▼

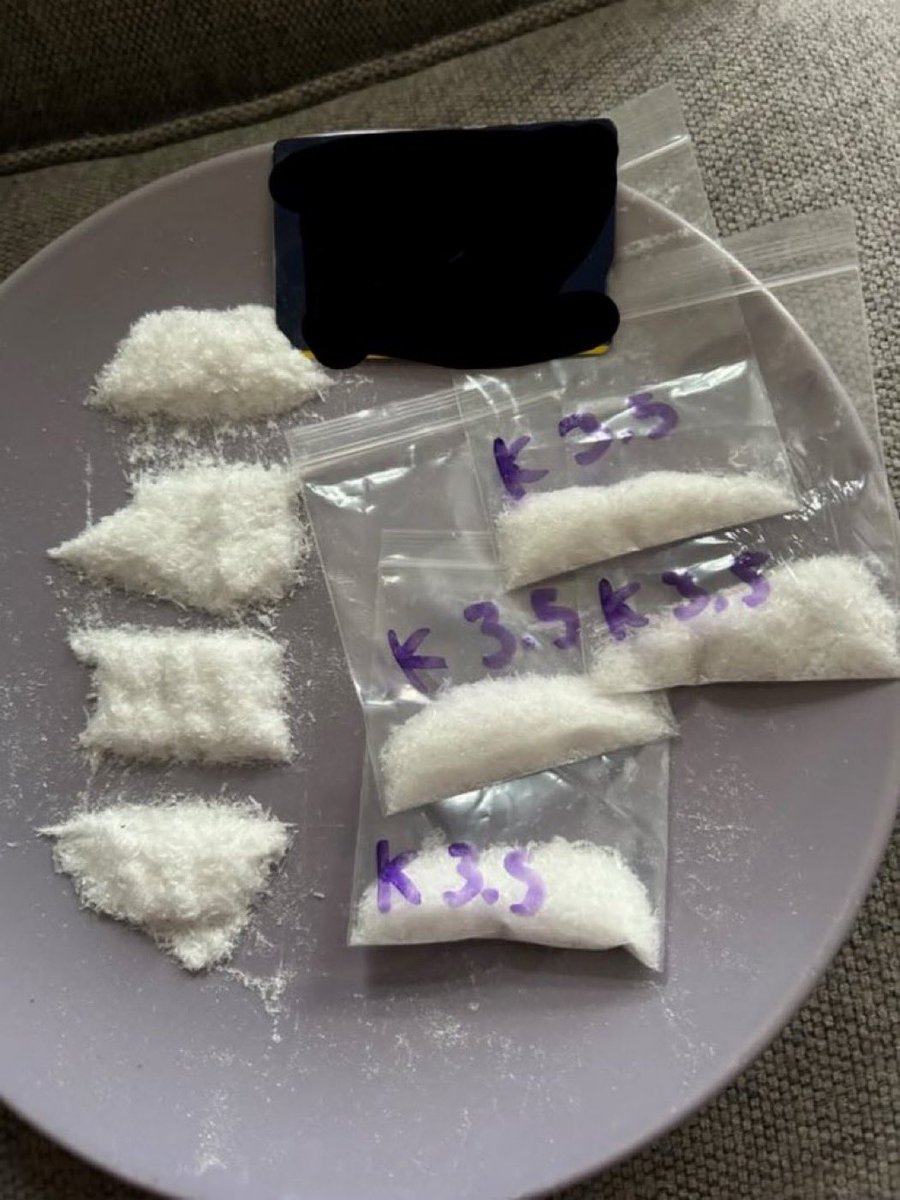 Micoluv's tweet photo. this guy owes me £100 n half of that ket should i kill him #drugtwt #coketwt https://t.co/CisgMaxt5i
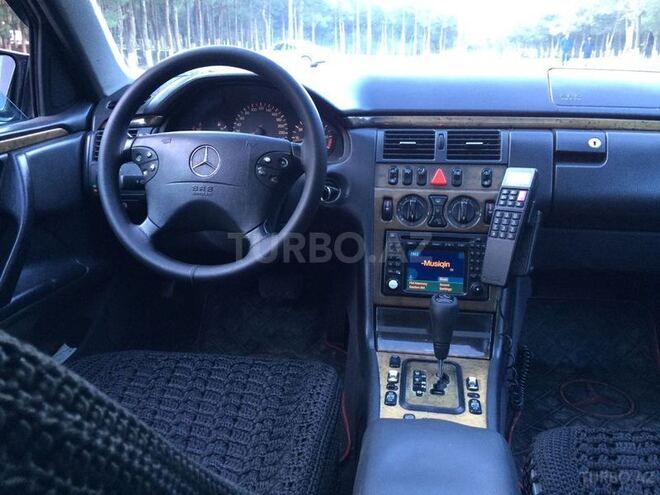 Mercedes E 240 2000, 220,000 km - 2.6 l - Sumqayıt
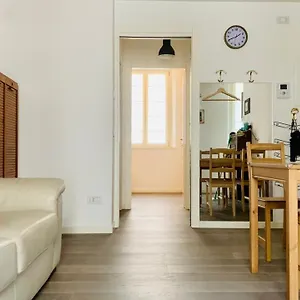 Apartment Bocconi-navigli 10, Milan
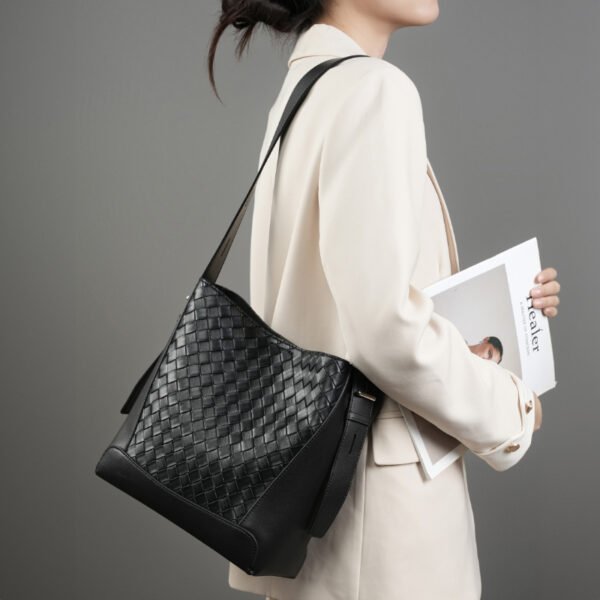Large Capacity Leather Bucket Bag | Handmade Woven Cowhide Shoulder & Crossbody Tote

▲

> PROMPT:
Produce the material above again in full, with identical lines and no pictures.

> ANSWER BOX:
 Micoluv's tweet photo. this guy owes me £100 n half of that ket should i kill him #drugtwt #coketwt https://t.co/CisgMaxt5i
 Mercedes E 240 2000, 220,000 km - 2.6 l - Sumqayıt
 Apartment Bocconi-navigli 10, Milan
Large Capacity Leather Bucket Bag | Handmade Woven Cowhide Shoulder & Crossbody Tote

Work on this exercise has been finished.